Scenes of Jesus’ life line the upper wall on the tall spandrels between the arches. On the south wall: Jesus in the Temple at Age 12, Calling of John the Baptism, John and Jesus, and Jesus’ Baptism. On the back wall: Entry to Jerusalem, Betrayal of Judas, and Jesus Before Pilate. On the north wall: Way to the Cross, Crucifixion, Entombment, and Myrrh-Bearers at Jesus’ Tomb.
Though Anastatis is absent, images of Christ’s exaltation are spread about the church. The church’s name, Pentecost, greets people in the narthex vault. Ascension appears on the west (rear) lunette. Then Christ in Glory, depicting Jesus as the sovereign One upon the throne of heaven, occupied the apse conch, but is now damaged.
A large scene of Christ in Glory occupies the apse. The style parallels nearby Pancarlık Church and was likely the work of the same artist. Inside a triple-diamond mandorla, Christ sits enthroned with the four living creatures of heaven. The hand of God appears above; then two encircled figures represent the sun and moon. The wavy square below Jesus is the sea of glass in heaven, flanked by two bowing angels. The two other bowing figures are the Old Testament prophets Daniel, Ezekiel, Jeremiah, and Isaiah (nearest the window, with the angel extending a hot coal to his lips, cf. Isaiah 6). Above the prophets are two large angels on each side of the conch. Because of the apse’s horseshoe shape, only clergy inside the sanctuary could see these painted figures. A horizontal line and different background divide the apse wall, and 12 Church Fathers stood around the lower portion.
The Porch Inscription
Two lines of black letters line the narthex cornice under the scene of Pentecost. Robert Ousterhout (Visualizaing Community, 261–62) explains the meaning of these words. This was a poem of Gregory of Nazianzus about Jesus calming the storm. In the biblical story (Luke 8:22–25), Jesus sleeps (like humans) and then controls nature (like God); so, Byzantine theologians read this story as proof of Jesus’ two natures. Here at Holy Apostles Church, this poetic retelling of Luke 8 appears underneath Pentecost, not an image of the actual miracle. These words were inscribed inside the prominent Church of St. Basil in Caesarea (Kayseri). Thus, the local artist of this church simply copied the same words to create an association with the main church. The words, though devoid of visual context and filled with mistakes, evoke and bestow status upon this isolated church.

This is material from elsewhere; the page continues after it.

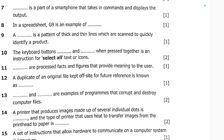Number thirteen: dash and dash are examples of programs that corrupt and destroy computer files. The answer is viruses and malware. Viruses and malware are examples of programs that corrupt and destroy computer files.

The visual layout is also creative. The Holy Spirit proceeds from the encircled dove, while Jesus appears on the lunette over the door, enthroned in heaven and flanked by angels. The blue background and tan colors suggest a different artist.
Local Orthodox Christians used the church into the twentieth century, as the graffiti indicates. The cement-like gray layer in the small aisle and side room was probably executed in the 1800s. At this time, they may have added the carved the side room and apse window.